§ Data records
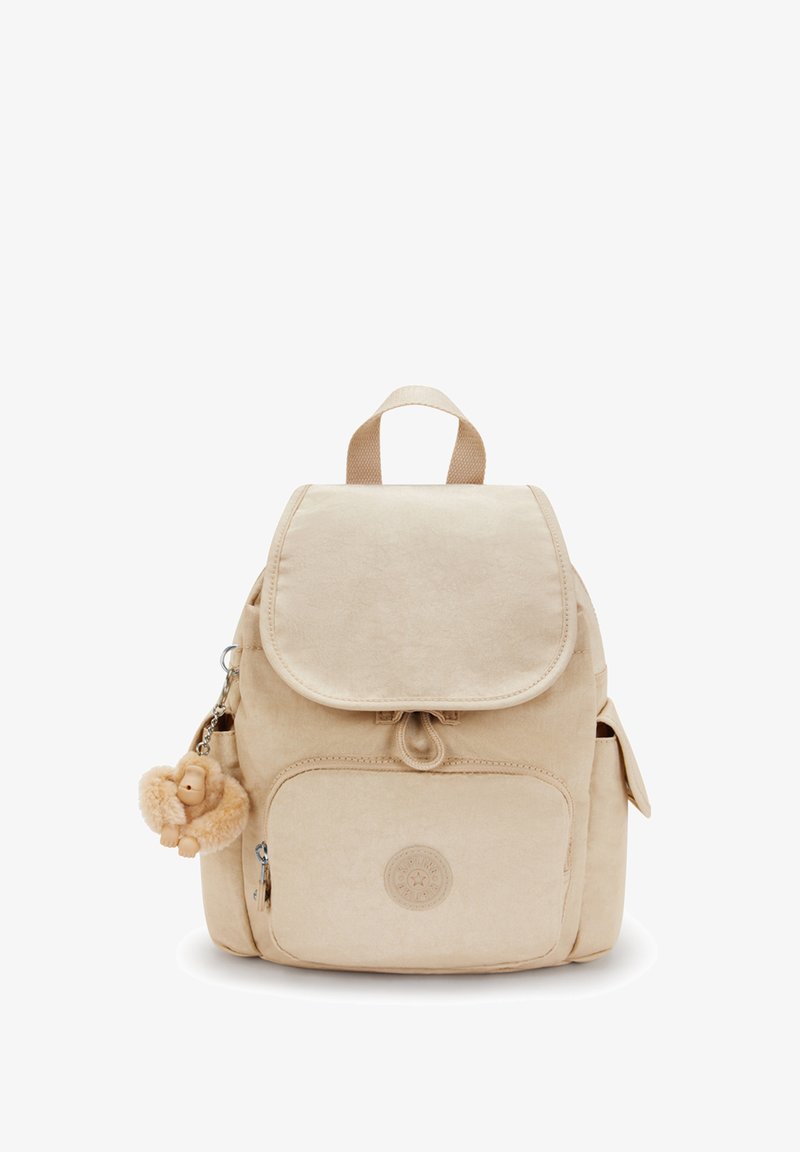 Zaino in tessuto beige con chiusura a patta, tasca anteriore e tasche laterali. Presenta un grazioso charm in peluche e un badge con il logo sul fronte.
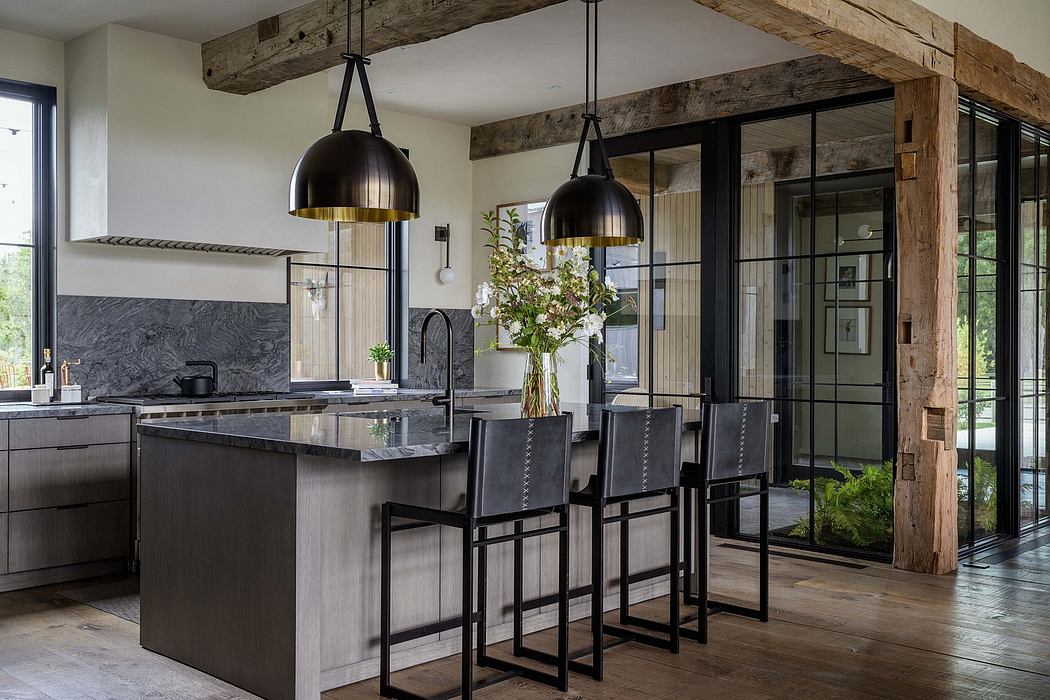 Modern kitchen with rustic wooden beams, black pendant lamps, and sleek gray cabinetry.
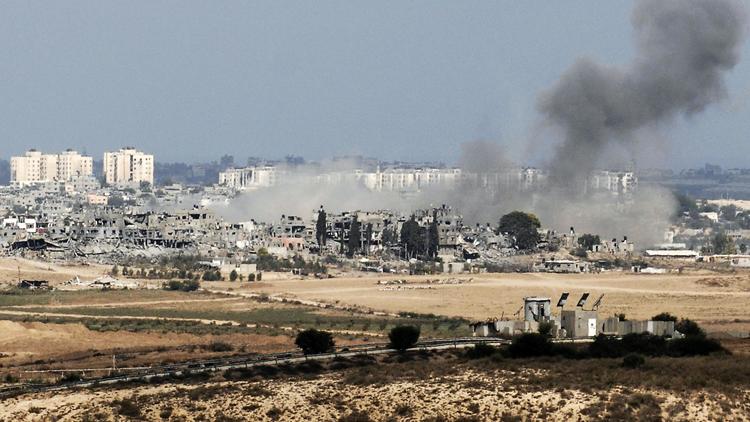 Fumée sur Gaza après une frappe israélienne dimanche 10 aout 2014 [David Buimovitch / AFP]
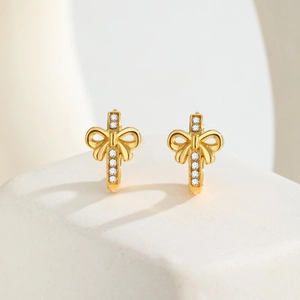 Golden cross and bow drop earrings with clear zircons on a white stone pedestal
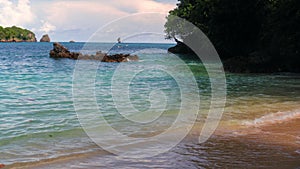 beach atmosphere with waves and coral on afternoon.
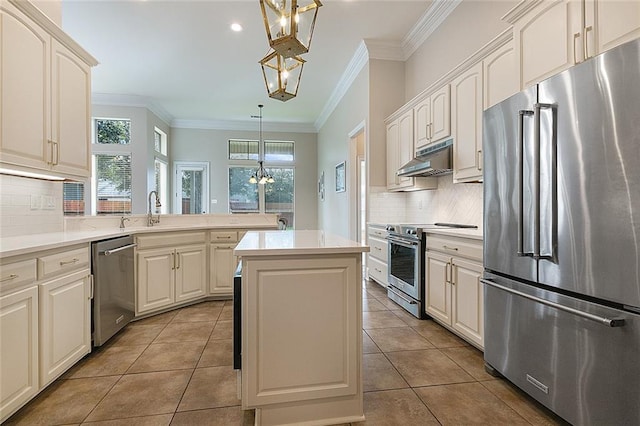 kitchen featuring backsplash, a chandelier, stainless steel appliances, and decorative light fixtures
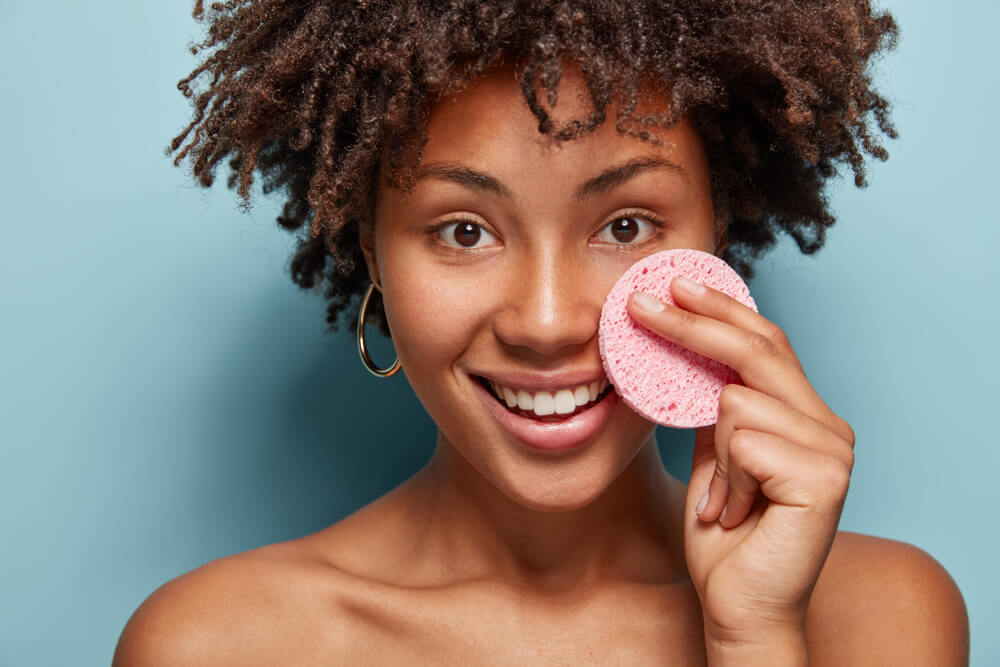 Woman exfoliating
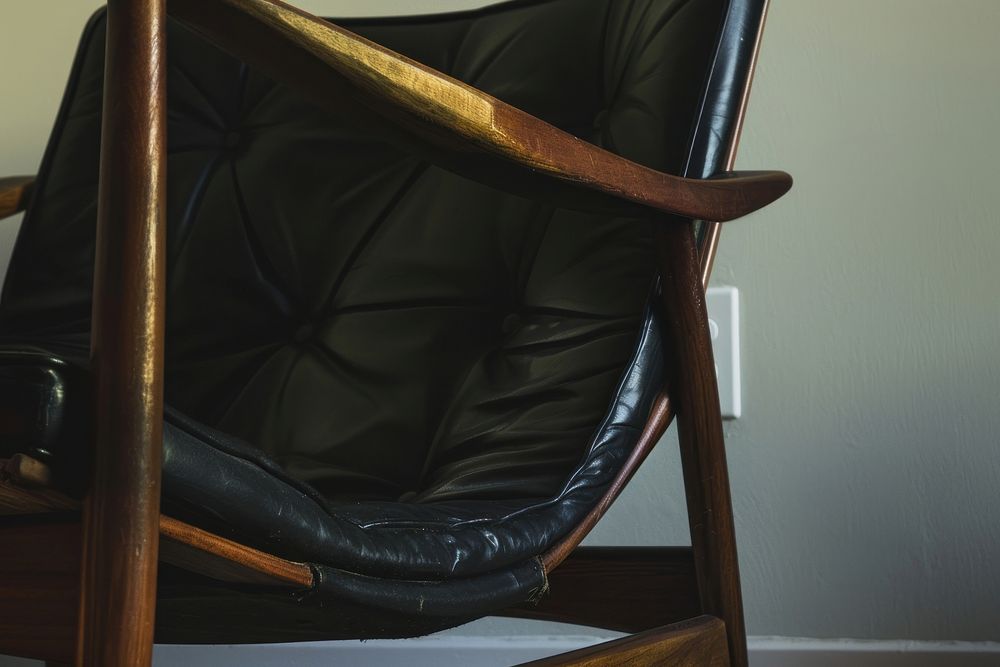 A midcentury wooden chair with black leather furniture armchair armrest.
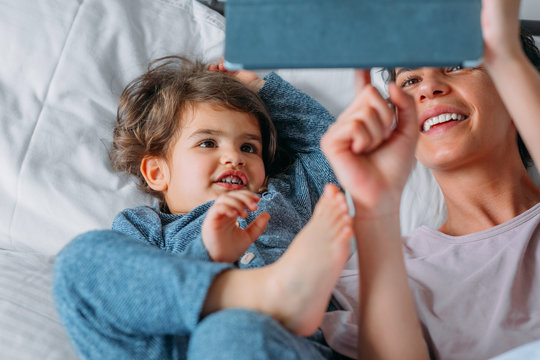 Mother and daughter watching cartoon on digital tablet while lying on bed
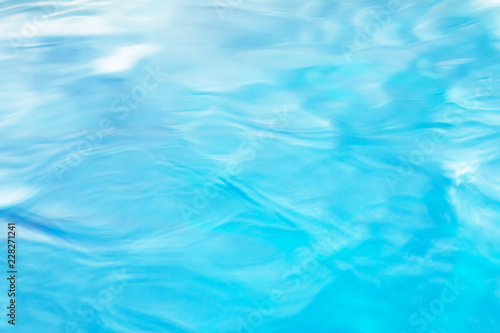 The smooth natural blue water background with bokeh  abstract on the sea or ocean,vintage and soft colored blur.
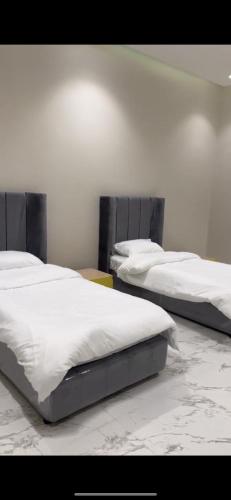 2 bedden in een kamer met witte lakens bij سي بريز in Quţuf al Mişrī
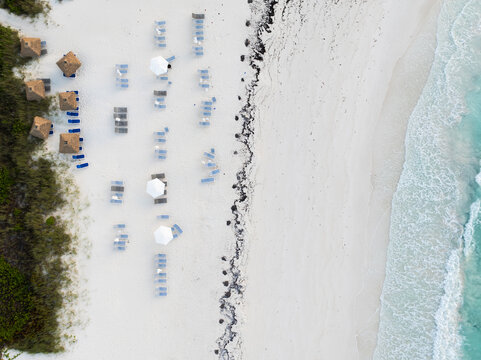 Aerial view of a pristine white sand beach with rows of lounge chairs and umbrellas, bordered by lush green vegetation and turquoise ocean waters in Exuma, Bahamas.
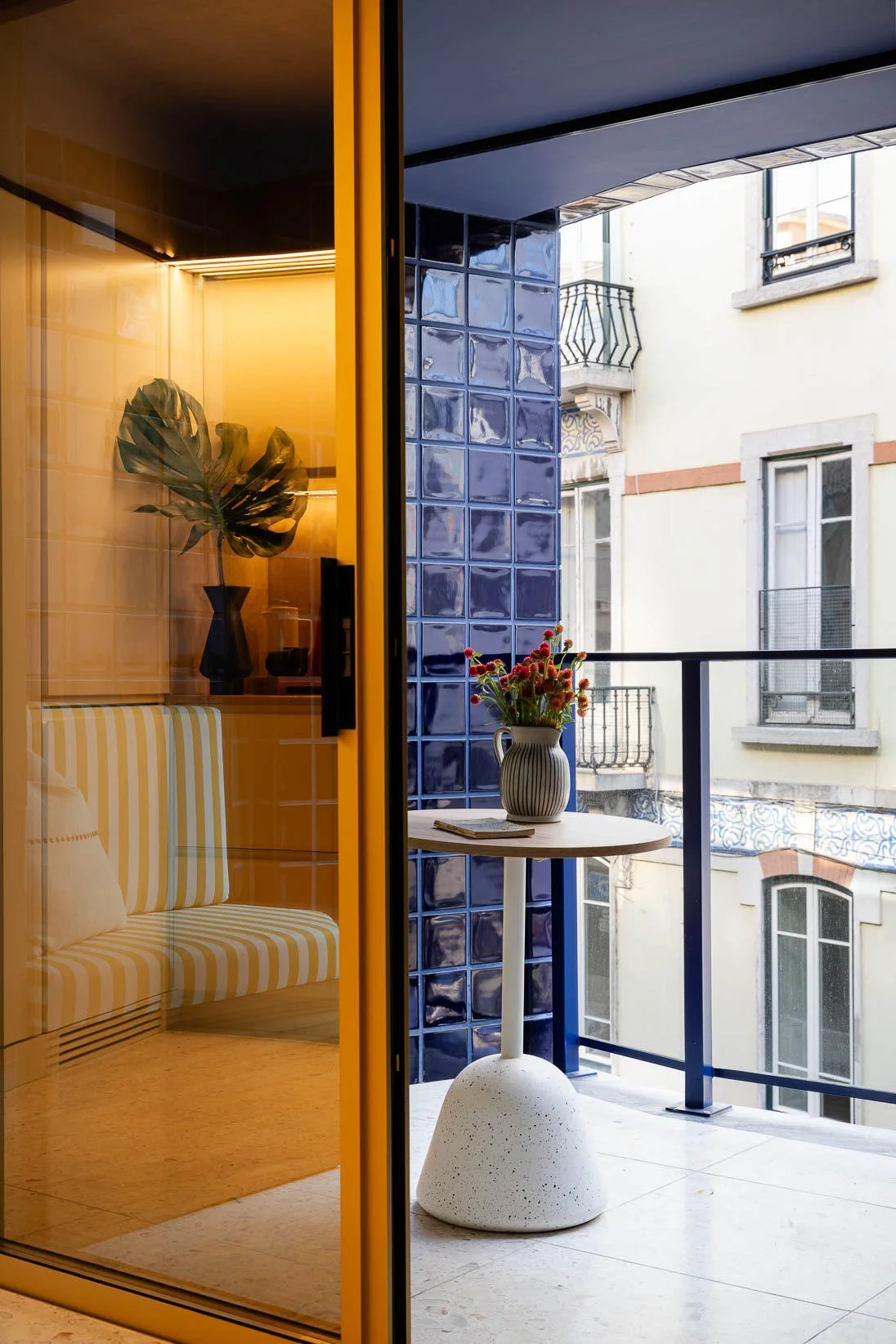 A small balcony with a table holding a vase of flowers, a building with decorative balconies and windows in the background, and a glass door with a yellow frame revealing an interior with a striped cushion and indoor planter.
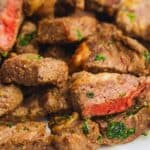 Close-up of air fryer steak bites seasoned with herbs, showing both seared exteriors and pink interiors.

§ WHAT YOU HAVE TO DO
The preceding entries should be duplicated word for word; no picture belongs in the copy.

§ SOLUTION
 Zaino in tessuto beige con chiusura a patta, tasca anteriore e tasche laterali. Presenta un grazioso charm in peluche e un badge con il logo sul fronte.
 Modern kitchen with rustic wooden beams, black pendant lamps, and sleek gray cabinetry.
 Fumée sur Gaza après une frappe israélienne dimanche 10 aout 2014 [David Buimovitch / AFP]
 Golden cross and bow drop earrings with clear zircons on a white stone pedestal
 beach atmosphere with waves and coral on afternoon.
 kitchen featuring backsplash, a chandelier, stainless steel appliances, and decorative light fixtures
 Woman exfoliating
 A midcentury wooden chair with black leather furniture armchair armrest.
 Mother and daughter watching cartoon on digital tablet while lying on bed
 The smooth natural blue water background with bokeh  abstract on the sea or ocean,vintage and soft colored blur.
 2 bedden in een kamer met witte lakens bij سي بريز in Quţuf al Mişrī
 Aerial view of a pristine white sand beach with rows of lounge chairs and umbrellas, bordered by lush green vegetation and turquoise ocean waters in Exuma, Bahamas.
 A small balcony with a table holding a vase of flowers, a building with decorative balconies and windows in the background, and a glass door with a yellow frame revealing an interior with a striped cushion and indoor planter.
 Close-up of air fryer steak bites seasoned with herbs, showing both seared exteriors and pink interiors.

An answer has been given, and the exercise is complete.